Theoretical guarantee: Theorem 1 proves that the adaptive filter can automatically amplify spectrally consistent components of normal nodes while suppressing inconsistent ones.
Complementary dual-view design: The cross-channel and within-channel views capture complementary normality patterns, and their joint use substantially improves detection performance.
No anomaly labels required: The method does not rely on any labeled anomalous data or anomaly generation.

Limitations & Future Work¶

The hyperparameter $\alpha$ requires dataset-specific tuning (1.0 for large datasets, 0.1 for small ones).
Computational complexity scales linearly with the number of edges, which may pose efficiency challenges for large-scale graphs.
At least 5% labeled normal nodes are required.
Extensions to dynamic or temporal graphs have not been explored.
The impact of the temperature parameter $\tau$ in GNA contrastive learning on performance is not discussed in detail.
Validation is limited to node-level anomaly detection; extensions to edge-level or subgraph-level anomaly detection have not been pursued.
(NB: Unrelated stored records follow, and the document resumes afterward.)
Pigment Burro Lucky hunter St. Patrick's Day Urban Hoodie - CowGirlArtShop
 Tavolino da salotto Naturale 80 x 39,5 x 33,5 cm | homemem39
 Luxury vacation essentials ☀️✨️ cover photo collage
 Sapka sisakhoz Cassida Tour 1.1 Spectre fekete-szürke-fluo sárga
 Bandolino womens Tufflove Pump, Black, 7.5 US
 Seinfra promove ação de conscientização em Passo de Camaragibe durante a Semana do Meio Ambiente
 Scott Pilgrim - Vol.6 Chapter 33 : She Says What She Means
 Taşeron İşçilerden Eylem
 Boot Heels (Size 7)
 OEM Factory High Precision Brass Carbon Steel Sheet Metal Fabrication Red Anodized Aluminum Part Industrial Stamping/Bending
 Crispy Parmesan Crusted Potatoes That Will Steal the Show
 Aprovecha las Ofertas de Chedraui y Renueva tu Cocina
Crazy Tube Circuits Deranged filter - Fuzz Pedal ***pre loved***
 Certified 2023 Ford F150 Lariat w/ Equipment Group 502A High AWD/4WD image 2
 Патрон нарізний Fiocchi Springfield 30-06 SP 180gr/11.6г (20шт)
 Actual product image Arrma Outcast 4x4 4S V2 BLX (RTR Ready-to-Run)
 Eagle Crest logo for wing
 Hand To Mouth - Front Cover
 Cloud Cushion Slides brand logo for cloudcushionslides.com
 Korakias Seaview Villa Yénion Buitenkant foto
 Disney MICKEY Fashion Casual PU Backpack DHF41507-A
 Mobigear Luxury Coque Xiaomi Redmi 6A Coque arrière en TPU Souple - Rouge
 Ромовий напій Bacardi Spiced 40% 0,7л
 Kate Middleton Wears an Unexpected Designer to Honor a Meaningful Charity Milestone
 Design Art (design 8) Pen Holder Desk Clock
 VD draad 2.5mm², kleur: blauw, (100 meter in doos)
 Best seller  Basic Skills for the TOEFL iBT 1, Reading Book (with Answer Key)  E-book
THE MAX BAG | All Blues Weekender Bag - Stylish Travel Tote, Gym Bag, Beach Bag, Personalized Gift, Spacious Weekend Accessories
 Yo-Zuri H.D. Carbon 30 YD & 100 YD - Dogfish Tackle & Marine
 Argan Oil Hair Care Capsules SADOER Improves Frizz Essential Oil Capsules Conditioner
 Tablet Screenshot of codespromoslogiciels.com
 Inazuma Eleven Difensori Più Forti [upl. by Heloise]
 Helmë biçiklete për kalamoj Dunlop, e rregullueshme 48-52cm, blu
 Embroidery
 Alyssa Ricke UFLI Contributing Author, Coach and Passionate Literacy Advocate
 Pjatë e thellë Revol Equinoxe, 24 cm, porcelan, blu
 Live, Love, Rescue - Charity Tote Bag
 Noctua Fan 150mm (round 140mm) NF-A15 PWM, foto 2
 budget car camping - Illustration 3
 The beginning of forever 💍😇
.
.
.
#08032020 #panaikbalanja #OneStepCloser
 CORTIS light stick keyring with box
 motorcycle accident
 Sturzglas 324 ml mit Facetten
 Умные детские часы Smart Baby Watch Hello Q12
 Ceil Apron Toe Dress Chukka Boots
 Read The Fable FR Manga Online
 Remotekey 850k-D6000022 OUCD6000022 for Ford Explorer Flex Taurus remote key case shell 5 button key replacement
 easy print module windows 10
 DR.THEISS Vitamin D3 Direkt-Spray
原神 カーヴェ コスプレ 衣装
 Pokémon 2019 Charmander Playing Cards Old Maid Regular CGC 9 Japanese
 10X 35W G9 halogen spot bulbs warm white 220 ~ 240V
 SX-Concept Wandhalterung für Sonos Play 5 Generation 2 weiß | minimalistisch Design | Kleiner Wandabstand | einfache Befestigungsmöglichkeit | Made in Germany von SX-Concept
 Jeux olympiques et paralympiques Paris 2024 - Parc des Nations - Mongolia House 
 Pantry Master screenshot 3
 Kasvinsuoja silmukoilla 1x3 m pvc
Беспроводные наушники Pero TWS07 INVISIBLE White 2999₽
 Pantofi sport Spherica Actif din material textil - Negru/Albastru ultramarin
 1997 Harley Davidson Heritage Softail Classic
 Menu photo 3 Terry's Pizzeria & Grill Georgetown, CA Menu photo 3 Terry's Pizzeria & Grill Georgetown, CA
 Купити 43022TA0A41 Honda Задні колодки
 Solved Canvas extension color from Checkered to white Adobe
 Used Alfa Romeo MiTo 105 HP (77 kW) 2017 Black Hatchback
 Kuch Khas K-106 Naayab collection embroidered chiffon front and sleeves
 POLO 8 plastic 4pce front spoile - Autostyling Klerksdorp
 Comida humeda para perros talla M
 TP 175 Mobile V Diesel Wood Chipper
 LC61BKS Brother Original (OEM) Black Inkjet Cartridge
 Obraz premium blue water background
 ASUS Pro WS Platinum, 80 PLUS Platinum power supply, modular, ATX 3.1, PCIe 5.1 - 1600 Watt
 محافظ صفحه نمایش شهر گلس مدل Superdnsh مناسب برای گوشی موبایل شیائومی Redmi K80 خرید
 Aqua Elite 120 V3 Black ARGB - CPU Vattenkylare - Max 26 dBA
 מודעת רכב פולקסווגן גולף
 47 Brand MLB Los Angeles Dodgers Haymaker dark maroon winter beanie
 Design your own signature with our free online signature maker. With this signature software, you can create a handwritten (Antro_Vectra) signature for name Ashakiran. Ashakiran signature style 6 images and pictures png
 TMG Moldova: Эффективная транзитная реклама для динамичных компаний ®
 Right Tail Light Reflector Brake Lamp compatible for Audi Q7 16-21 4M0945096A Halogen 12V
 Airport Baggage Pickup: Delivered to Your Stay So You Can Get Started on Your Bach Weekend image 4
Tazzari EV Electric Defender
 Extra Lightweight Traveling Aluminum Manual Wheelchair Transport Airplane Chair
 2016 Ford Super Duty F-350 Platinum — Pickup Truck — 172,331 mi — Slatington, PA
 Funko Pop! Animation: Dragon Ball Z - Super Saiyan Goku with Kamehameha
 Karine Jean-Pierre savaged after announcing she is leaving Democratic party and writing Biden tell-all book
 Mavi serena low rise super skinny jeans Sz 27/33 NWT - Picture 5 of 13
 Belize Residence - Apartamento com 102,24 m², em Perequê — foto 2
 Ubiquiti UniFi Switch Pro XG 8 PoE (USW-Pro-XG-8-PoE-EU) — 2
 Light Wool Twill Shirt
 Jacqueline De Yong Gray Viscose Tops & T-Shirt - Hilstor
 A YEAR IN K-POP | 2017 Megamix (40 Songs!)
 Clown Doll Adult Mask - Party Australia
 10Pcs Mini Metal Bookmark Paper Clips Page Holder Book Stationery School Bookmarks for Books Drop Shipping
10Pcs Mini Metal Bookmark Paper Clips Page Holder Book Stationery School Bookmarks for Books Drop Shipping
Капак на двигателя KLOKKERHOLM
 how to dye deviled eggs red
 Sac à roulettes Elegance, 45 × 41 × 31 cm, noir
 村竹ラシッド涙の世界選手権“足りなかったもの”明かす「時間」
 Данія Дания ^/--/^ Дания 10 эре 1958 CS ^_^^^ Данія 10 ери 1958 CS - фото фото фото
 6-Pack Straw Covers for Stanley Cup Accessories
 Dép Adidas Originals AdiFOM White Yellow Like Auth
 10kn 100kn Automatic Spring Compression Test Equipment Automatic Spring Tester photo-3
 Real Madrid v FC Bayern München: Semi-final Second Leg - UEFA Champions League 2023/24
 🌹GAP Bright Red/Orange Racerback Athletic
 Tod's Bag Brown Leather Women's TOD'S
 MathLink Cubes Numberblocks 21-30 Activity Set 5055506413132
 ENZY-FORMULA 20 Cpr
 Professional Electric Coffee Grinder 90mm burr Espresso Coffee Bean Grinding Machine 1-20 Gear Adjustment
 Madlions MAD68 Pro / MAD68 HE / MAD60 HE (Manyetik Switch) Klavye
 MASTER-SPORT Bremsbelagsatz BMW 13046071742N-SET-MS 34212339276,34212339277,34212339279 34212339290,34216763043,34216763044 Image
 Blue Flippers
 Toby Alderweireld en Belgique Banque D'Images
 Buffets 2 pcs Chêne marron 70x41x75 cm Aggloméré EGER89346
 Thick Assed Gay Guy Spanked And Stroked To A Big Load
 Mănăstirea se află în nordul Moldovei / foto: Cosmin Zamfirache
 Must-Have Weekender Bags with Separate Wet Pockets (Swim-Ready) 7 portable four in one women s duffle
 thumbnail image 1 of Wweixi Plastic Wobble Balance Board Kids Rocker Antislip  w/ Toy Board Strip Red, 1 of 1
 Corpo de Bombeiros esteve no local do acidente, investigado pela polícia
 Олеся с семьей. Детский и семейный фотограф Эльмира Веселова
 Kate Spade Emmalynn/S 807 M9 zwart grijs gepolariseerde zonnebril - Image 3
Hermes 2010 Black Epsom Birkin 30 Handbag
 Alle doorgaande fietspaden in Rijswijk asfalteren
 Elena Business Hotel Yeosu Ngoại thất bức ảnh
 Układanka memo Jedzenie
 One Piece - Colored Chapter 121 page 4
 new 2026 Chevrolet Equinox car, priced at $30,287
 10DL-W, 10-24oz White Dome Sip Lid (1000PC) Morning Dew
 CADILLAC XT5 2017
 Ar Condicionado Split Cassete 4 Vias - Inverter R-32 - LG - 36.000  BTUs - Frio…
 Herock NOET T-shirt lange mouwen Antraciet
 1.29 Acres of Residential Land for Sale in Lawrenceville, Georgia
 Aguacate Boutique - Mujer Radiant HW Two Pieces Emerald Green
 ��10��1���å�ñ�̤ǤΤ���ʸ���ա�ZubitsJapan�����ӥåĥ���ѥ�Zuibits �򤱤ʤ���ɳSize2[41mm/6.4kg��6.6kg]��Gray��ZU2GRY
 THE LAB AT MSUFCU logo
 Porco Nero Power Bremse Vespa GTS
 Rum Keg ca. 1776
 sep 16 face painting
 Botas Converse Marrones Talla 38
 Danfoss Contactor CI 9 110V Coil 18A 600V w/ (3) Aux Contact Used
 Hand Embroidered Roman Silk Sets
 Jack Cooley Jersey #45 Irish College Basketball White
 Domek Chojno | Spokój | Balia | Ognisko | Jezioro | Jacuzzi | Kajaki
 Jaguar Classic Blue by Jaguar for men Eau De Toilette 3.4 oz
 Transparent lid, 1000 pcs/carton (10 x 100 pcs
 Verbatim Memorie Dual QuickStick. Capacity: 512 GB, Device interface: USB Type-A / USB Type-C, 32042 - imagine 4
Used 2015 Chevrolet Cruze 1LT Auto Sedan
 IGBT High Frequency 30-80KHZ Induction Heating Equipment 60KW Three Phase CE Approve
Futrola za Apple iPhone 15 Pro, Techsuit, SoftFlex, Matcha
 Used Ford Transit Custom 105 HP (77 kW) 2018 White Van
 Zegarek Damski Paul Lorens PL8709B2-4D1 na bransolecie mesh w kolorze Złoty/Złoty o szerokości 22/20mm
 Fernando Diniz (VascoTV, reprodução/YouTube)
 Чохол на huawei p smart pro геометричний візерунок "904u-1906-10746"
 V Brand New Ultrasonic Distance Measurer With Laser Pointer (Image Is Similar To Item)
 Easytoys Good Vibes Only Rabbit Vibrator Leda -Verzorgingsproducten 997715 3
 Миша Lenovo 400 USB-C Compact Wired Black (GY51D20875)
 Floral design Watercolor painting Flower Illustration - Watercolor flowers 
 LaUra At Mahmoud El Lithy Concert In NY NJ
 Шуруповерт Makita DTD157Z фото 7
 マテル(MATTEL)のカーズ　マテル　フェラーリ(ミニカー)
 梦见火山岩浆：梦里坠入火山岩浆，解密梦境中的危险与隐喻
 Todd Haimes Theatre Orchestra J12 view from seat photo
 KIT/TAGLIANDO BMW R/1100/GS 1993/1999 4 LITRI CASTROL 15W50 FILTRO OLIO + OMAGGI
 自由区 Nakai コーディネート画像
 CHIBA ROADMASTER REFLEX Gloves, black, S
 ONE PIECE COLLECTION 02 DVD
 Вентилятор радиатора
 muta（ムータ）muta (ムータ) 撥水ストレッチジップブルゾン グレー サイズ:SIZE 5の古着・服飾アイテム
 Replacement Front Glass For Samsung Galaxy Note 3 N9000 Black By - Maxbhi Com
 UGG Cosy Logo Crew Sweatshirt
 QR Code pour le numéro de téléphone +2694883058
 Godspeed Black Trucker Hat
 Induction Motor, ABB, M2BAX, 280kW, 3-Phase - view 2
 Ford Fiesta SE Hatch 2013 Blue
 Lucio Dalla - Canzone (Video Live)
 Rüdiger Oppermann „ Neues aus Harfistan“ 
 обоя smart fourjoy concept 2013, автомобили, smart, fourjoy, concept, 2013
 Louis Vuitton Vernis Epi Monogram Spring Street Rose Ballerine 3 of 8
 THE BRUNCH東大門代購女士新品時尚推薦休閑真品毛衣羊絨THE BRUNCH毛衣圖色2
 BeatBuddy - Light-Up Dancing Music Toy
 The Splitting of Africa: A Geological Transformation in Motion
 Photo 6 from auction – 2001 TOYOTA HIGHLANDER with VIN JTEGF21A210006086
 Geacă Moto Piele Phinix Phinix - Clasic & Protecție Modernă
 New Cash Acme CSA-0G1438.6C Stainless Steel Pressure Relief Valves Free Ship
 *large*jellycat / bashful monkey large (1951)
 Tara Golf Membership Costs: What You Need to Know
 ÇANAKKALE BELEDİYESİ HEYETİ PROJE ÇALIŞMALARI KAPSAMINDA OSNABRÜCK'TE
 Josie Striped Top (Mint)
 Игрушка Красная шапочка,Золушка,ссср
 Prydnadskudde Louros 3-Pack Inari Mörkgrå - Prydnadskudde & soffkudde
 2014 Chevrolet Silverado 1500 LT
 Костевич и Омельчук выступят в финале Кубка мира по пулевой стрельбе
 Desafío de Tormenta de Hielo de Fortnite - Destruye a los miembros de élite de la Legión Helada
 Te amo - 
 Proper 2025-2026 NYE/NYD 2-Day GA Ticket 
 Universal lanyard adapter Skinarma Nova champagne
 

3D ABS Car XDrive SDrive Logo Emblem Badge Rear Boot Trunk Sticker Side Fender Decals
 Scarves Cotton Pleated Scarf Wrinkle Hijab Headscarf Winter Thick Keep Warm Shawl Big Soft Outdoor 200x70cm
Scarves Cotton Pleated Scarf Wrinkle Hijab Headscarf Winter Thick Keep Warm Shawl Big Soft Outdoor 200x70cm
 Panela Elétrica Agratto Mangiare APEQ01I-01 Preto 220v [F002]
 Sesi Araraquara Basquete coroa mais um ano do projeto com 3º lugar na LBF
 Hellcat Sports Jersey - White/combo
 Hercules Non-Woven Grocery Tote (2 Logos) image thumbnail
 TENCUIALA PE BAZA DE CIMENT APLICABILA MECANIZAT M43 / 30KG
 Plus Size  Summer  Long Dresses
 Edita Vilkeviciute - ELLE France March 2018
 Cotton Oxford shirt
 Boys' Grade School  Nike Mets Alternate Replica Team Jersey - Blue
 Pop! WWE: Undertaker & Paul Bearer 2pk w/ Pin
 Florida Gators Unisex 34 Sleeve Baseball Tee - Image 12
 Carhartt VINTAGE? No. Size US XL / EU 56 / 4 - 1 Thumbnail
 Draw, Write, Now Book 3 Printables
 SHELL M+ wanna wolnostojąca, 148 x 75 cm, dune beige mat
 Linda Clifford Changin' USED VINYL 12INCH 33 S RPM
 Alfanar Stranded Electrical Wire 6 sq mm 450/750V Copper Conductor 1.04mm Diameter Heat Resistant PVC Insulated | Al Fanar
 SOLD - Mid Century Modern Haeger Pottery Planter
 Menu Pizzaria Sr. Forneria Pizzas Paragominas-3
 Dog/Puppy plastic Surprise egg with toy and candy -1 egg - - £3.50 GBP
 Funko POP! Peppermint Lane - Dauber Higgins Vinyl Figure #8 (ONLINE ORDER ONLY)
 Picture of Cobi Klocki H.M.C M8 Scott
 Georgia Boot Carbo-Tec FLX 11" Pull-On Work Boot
Spectral GAD methods (AMNet, BWGNN, GHRN) employ predefined frequency responses, lacking adaptability.
Graph homophily modeling methods primarily handle homophily variation through neighbor selection (edge addition/removal).
GGAD is the first method specifically designed for semi-supervised GAD (via anomaly generation), but its generalizability is limited.
RHO is the first to adaptively learn heterogeneous normality patterns from a frequency-domain perspective.

Rating¶

Novelty: ⭐⭐⭐⭐ (The combination of adaptive frequency filtering and dual-view alignment is novel.)
Technical Depth: ⭐⭐⭐⭐⭐ (Theoretical analysis, method design, and extensive experiments.)
Experimental Thoroughness: ⭐⭐⭐⭐⭐ (8 datasets, multiple baselines, detailed ablation study.)
Writing Quality: ⭐⭐⭐⭐ (Clear logic, rich figures and tables.)